Sun Java Solaris Communities My SDN Account Join SDN
 
Article

Using the Solaris DTrace Utility With Open MPI Applications

 
By Terry Dontje, Karen Norteman, Rolf vandeVaart, August 2007  

This article describes how to use the Solaris Dynamic Tracing (DTrace) utility with Open MPI applications. DTrace is a comprehensive dynamic tracing utility that you can use to monitor the behavior of applications programs as well as the operating system itself. You can use DTrace on live production systems to understand those systems' behavior and to track down any problems that might be occurring.

The D programming language is used to create the source code for DTrace programs.

This article assumes knowledge of the D language and how to use DTrace. For more information about the D language and DTrace, refer to the Solaris Dynamic Tracing Guide. This guide is part of the Solaris 10 OS Software Developer Collection.
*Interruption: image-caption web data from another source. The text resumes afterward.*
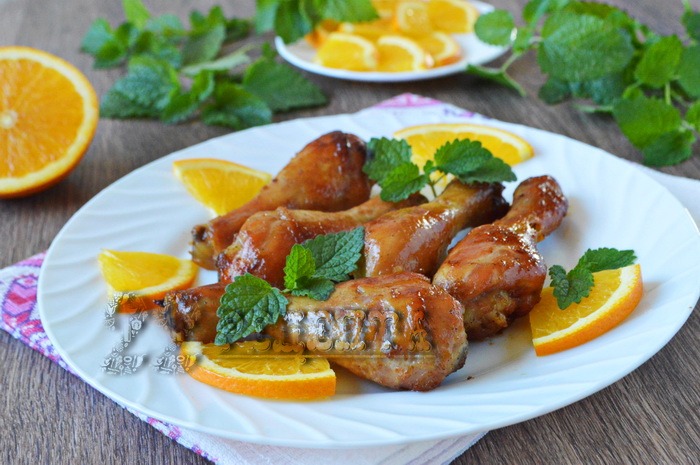 курица в апельсиновом маринаде в духовке рецепт с фото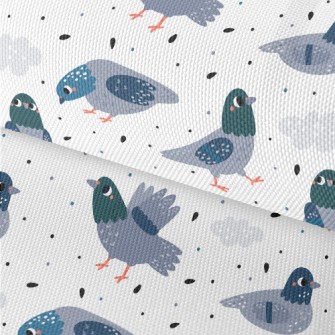 Lively Walking Pigeon Waterproof Oxford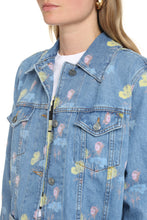 Load image into Gallery viewer, Printed denim jacket
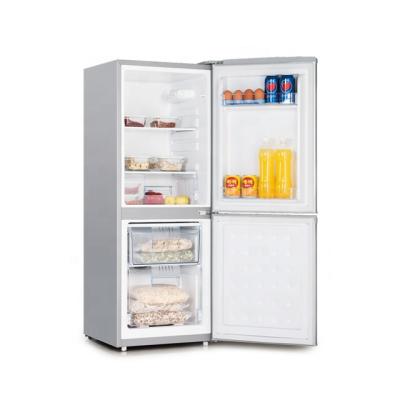 China 4.8cu ft Bottom Mounted Bottom Mounted and Combi Defrost Double Door Refrigerator for sale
Note: The programs and scripts mentioned in the sections that follow are located here:

/opt/SUNWhpc/examples/mpi/dtrace

Contents

Checking the mpirun Privileges

Before you run a program with DTrace under mpirun, you need to make sure that you have the correct mpirun privileges on the entire cluster. The privileges you need are dtrace_proc and dtrace_user. Without these privileges, DTrace returns the following error message:

dtrace:  failed to initialize dtrace:  DTrace requires additional privileges

To determine the correct privileges on the cluster:

  1. Use your favorite text editor to create the following shell script, named mpppriv.sh:
    #!/bin/sh
    # mpppriv.sh -  run ppriv under a shell so you can get the privileges
    #	of the process that mpirun creates
    ppriv $$
    

  2. Type the following command, replacing host1 and host2 with the names of hosts in your cluster:
    mpirun -np 2 --host host1,host2 mpppriv.sh
    

If the output of ppriv shows that the E privilege set has the dtrace privileges, then you will be able to run dtrace under mpirun (see the following two examples). Otherwise, you must adjust your system to get dtrace access.
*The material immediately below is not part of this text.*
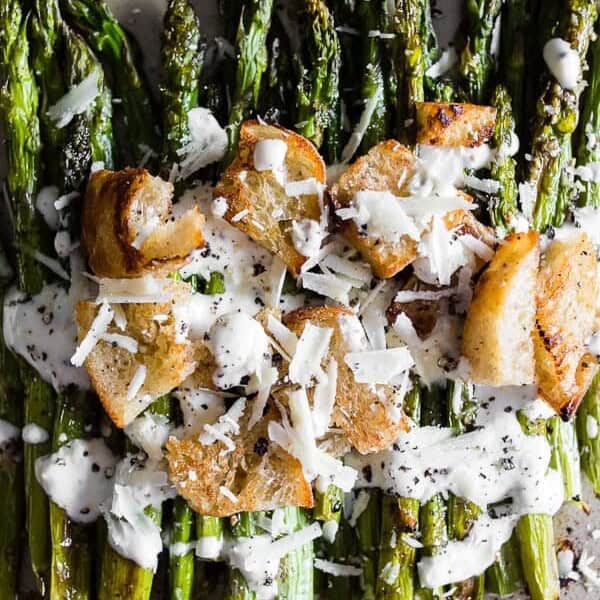Roasted Asparagus Caesar Salad - 20 Perfect Summer Salads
The following example shows the output from ppriv when the privileges have not been set.

% ppriv $$
4084:  -csh 
flags = <none>
        E:  basic 
        I:  basic 
        P:  basic 
        L:  all

This example shows ppriv output when the privileges have been set.

% ppriv $$
2075:  tcsh 
flags = <none>
        E:basic,dtrace_proc,dtrace_user 
        I:basic,dtrace_proc,dtrace_user
        P:basic,dtrace_proc,dtrace_user 
        L:  all

Note: To update your privileges, ask your system administrator to add the dtrace_user and dtrace_proc privileges to your account in the /etc/user_attr file.
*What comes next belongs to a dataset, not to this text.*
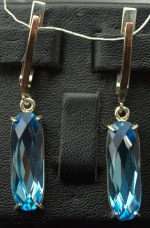 Unique handmade silver earrings Swarovski with gold applique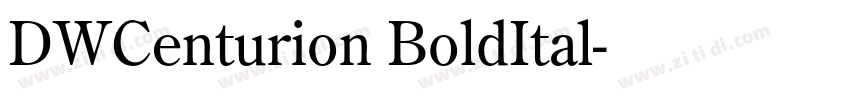 DWCenturion BoldItal字体转换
After the privileges have been changed, you can use the ppriv command to view the changed privileges.

Running DTrace with MPI Programs

There are two ways to use dynamic tracing with MPI programs:

  • Run the MPI program directly under DTrace
  • Attach DTrace to a running MPI program
Running an MPI Program Under DTrace

Assume you have a program named mpiapp.

To trace a program using the mpitrace.d script, type the following command:

% mpirun -np 4 dtrace -s mpitrace.d -c mpiapp

The advantage of tracing an MPI program in this way is that all the processes in the job are traced from the beginning. This method is probably most useful in doing performance measurements, when you need to start at the beginning of an application and you need all the processes in a job to participate in collecting data.

This approach also has some disadvantages. One disadvantage of running a program like the one in the above example is that all the tracing output for all four processes is directed to standard output (stdout). One way around this problem is to create a script similar to the following example.

#!/bin/sh 
# partrace.sh - a helper script to dtrace Open MPI jobs from the 
#         start of the job.  
dtrace -s $1 -c $2 -o $2.$OMPI_MCA_ns_nds_vpid.trace

Note: The status of the OMPI_MCA_ns_nds_vpid.trace variable is unstable and subject to change. Use this variable with caution.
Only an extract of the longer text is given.